Si va usted al fútbol, tendrá que ir al Poli o a la Ciudad Deportiva Sur. Pero si se interesa por casi cualquier otro deporte de equipo, entonces su lugar es el Quijote Arena. Sin duda, el pabellón ciudadrealeño es el epicentro del deporte de la capital. Cada vez más se yergue como un faro, junto a la vía verde, allá donde las franquicias fríen pollo y corren incontables deportistas populares.
El Quijote Arena fue algo así como el aeropuerto y el Reino de Don Quijote, pero con final feliz. Su construcción parecía una locura. ¿Dónde iba Ciudad Real con un pabellón con 5.000 butacas? Iba a construir un gigante del balonmano mundial. Con los pies de barro. Así que cuando se vino abajo, la pregunta era: “Y con esto, ¿qué hacemos ahora?”. Allí estaba aquello, esperando. Podría haber sido un símbolo más del despilfarro o del abandono, acompañando a la Cruz Roja o la Ferroviaria, señoras distinguidas ajadas por el tiempo y la desgana, sombras destinadas a habitar malas conciencias. O haberse reconvertido en sala de fiestas, en recinto ferial… Peores ideas se han visto. Pero no. El Quijote Arena, sin calefacción, frío como un témpano en invierno, caluroso en verano como solo por estos lares sabemos ser calurosos, siguió siendo lo que siempre quiso ser: la sala de máquinas del balonmano capitalino.
Tras algunos titubeos, el Alarcos y el Caserío se rindieron a su embrujo. Les sobran mucho más de la mitad de las gradas en cada partido, pero, qué demonios, es el Quijote Arena. De allí salieron con la cabeza gacha Martin Schwalb y Serdarusic, con sus ricos Hamburgo y Kiel, reconoció la superioridad local el FC Barcelona, se rindieron el Ademar, el Valladolid y el Portland. Allí se hinchó como nunca antes el orgullo manchego.
Ciertamente, daba pena recordar. Volver al Quijote Arena era como pasear por un castillo en ruinas, uno de esos de Walter Scott, la última torre de La ilustre Casa de Ramires, de Eça, con las herrumbrosas armas del abuelo de Alonso Quijano en un rincón.
Y entonces llegó el fútbol sala. Y todo cambió al ritmo de la orquesta que trajo Javier Lozano y su Liga Nacional de Fútbol Sala, a la que pronto se le unió la de “Paco Blázquez y sus selecciones”, el balonmano nacional que le debía una a Ciudad Real.

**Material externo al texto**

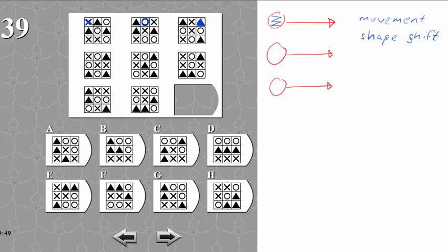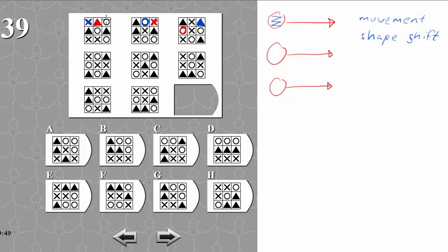Now we're going to apply the same rule to this triangle. It starts as a triangle, then when we go from left to right it moves right again — from the top row to the middle row on the left — and it turns into a circle. So the blue one turned from cross to circle to triangle, and here we have a cross turning into a circle, and it started as a triangle. The next one starts as a circle, then moves right down and turns into a triangle, and then from a triangle into a cross when it moves right again.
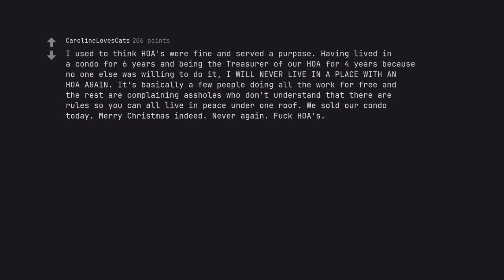We sold our condo today. Merry Christmas indeed. Never again. Fuck HOAs.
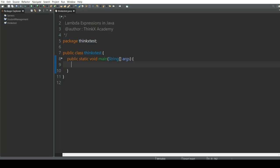Let's start with Lambda expressions in Java. Lambda expressions is a feature introduced in Java, and it was so much in demand that most programming languages now have Lambda expressions, including C++, C#, and even Python. Today we are going to see the significance of Lambda expressions in Java and how they help make our programs more concise and understandable.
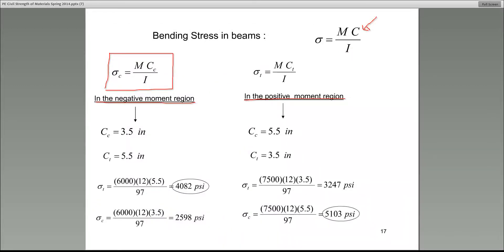Let's catalog this. C sub t is 5.5 in the negative moment region, and c sub c — the distance from the neutral axis to the outer fiber in compression — would be 3.5. Moving over to the right column, the reverse happens because that is in the positive moment region.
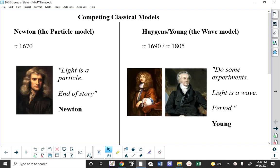The day before yesterday we went through all of the different types of EMR, and you still need to know about all of that. Focusing on yesterday, the idea that light is some form of energy — and we now know there are other forms: infrared radiation, ultraviolet radiation, microwave radiation, X-ray radiation, gamma ray radiation — all of these things are types of energy.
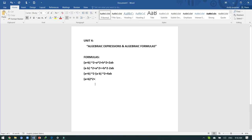Wherever there is no further simplification, that would be considered your final answer. Part one is: 120 x cubed y cubed z to the power 5, divided by 30 x cubed y to the power 1 and z squared.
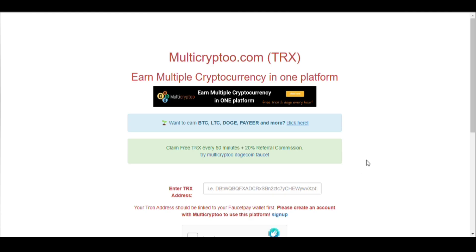Hello guys, welcome back to my YouTube channel. In today's video, I have got another Bitcoin earning website for you. This website name is multicrypto.com and it's a TRX website where you can earn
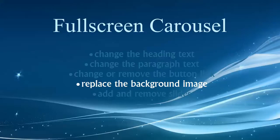Hi folks, welcome back to our video tutorials. In this tutorial we're talking about the full screen carousel and we'll show you how to replace the background image.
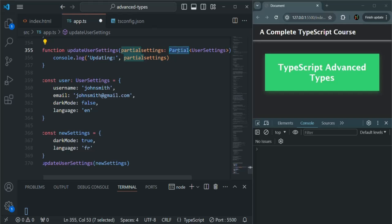So where can we use Partial? We can use Partial in scenarios where only partial data is required — for example, if we are submitting a form from the UI where we are not passing values for all the fields before processing that form. This is one use case of the Partial generic: using it, we make all the fields of a type optional.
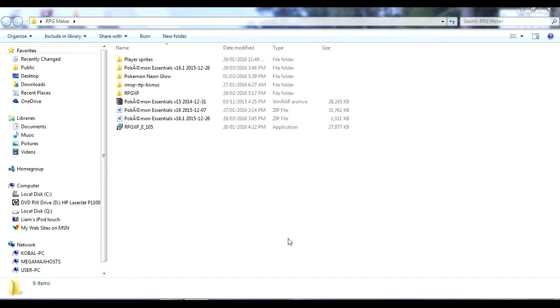Hey guys, and welcome to an episode of How to Make a Pokemon Game, slash me making Pokemon Neon Glow with Pokemon Essentials.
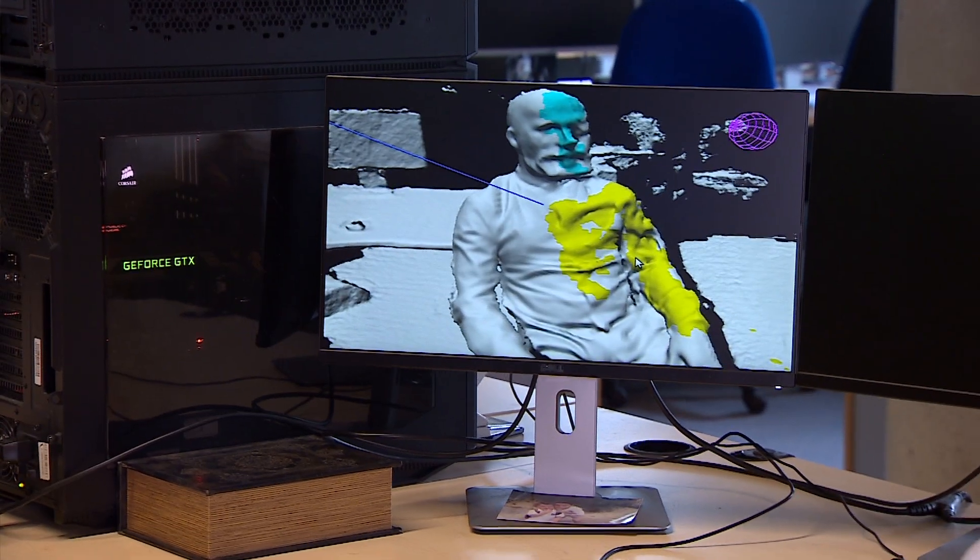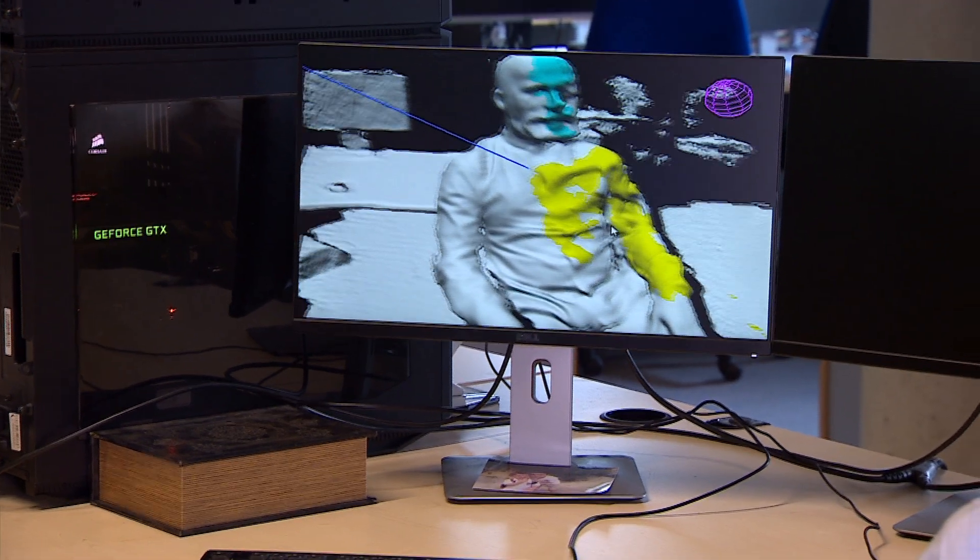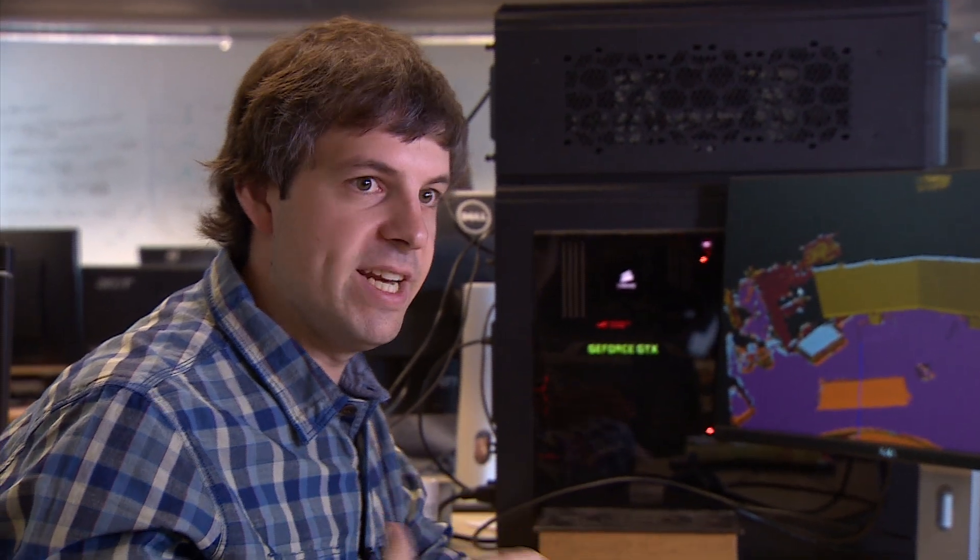What we've got here allows people to interactively correct any segmentation errors which are made. By keeping the user in the loop, it means you're not completely reliant on the automated model. Basically, the more training data the user provides to the algorithm, the better it's going to perform.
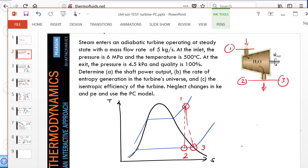Hello and welcome. In this turbine problem, the inlet conditions are given: inlet pressure, inlet temperature, and the mass flow rate at state 1.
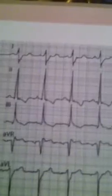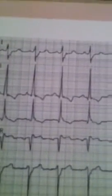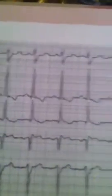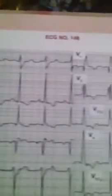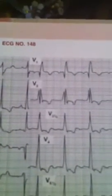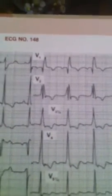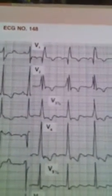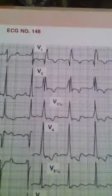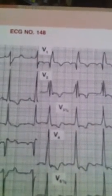This means there is a posterior hemiblock. Going to V1, the RSR' pattern indicates right bundle branch block. Also note the M-shaped R wave in V2.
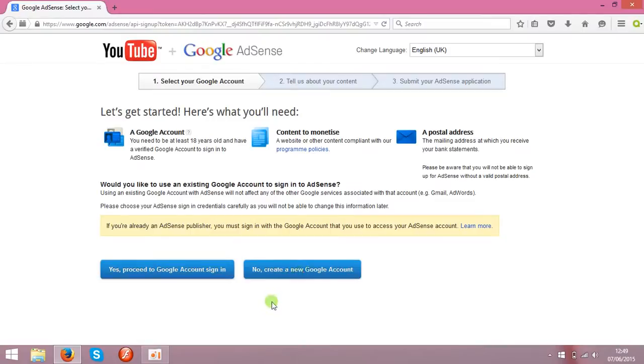When it's done, all the money will flow to your AdSense account, and then you can transfer it to your bank account.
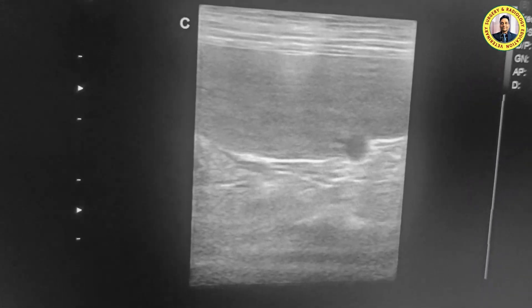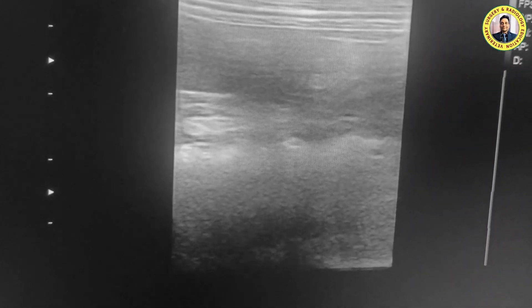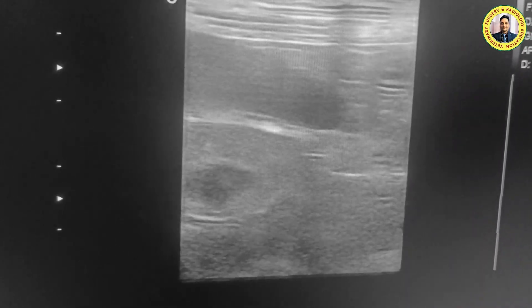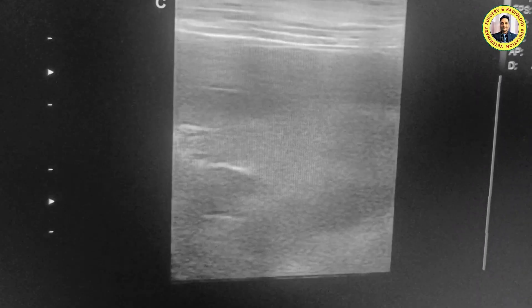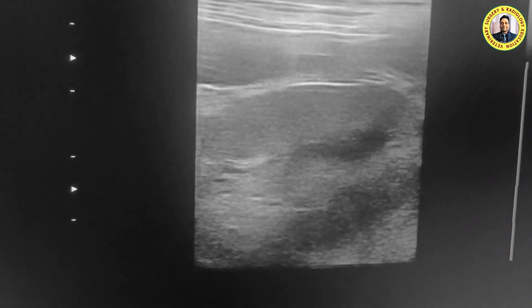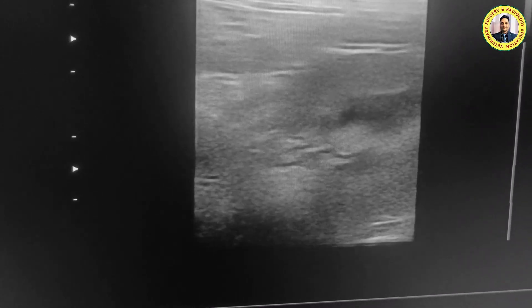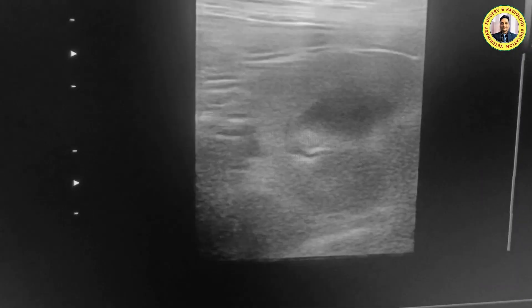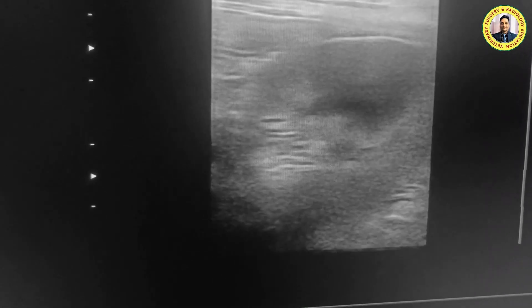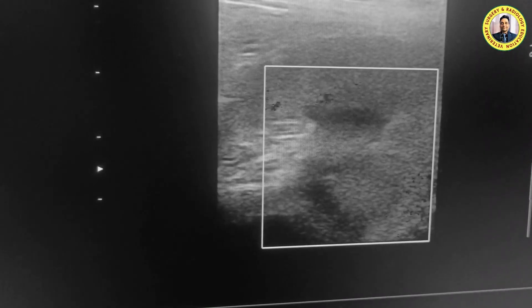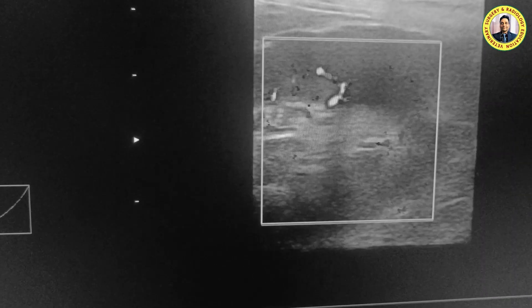Now you can see the left kidney clearly. The blood supply to the area also appears good.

Hubo dos Copas de España, partidos de las selecciones españolas de balonmano, Hispanos y Guerreras, Supercopas con el Barça, la selección española de fútbol sala femenina… El Quijote Arena podía y puede ser el escenario de acontecimientos deportivos de primer nivel, a pesar de que aún tiene que mejorar sus “tripas”. Tener el Quijote Arena es como tener el Teatro Real. Necesita espectáculos de los buenos, nada de compañías de barrio.
Y, poco a poco, se va consiguiendo. El Alarcos ha jugado ya dos play off de ascenso a ASOBAL. No es una casualidad. Está llamando a las puertas y quizás, si algún día el Quijote Arena pudiera acoger una fase final… quizás entonces, con la magia de esa pista, llena, repleta de gargantas empujando al son que marcara La Batalla…
Pero dejémonos de ensoñaciones, porque el futuro está muy cercano. No será balonmano, sino fútbol sala. Ha subido el FS Valdepeñas a Primera, por si alguien no lo sabe. Necesita ampliar el Virgen de la Cabeza. Y, mientras tanto, el Quijote Arena le espera. Ciudad Real será valdepeñera, azulona, vinatera, futbolsalera… Ya verán cómo el pabellón se llena, con la Marea Azulona y la Marea local que echará una mano. El Viña Albali se sentirá como en casa y los ciudadrealeños como reyes abriendo su palacio para las mejores justas del último lustro.
“Jugar en el Quijote Arena es una ilusión”, repiten como en un mantra los fichajes del Caserío, los del Alarcos. El Quijote Arena es una ilusión, pero también un estímulo para seguir creciendo. El deporte de la capital tiene que ponerse a la altura de su catedral. Está en el camino.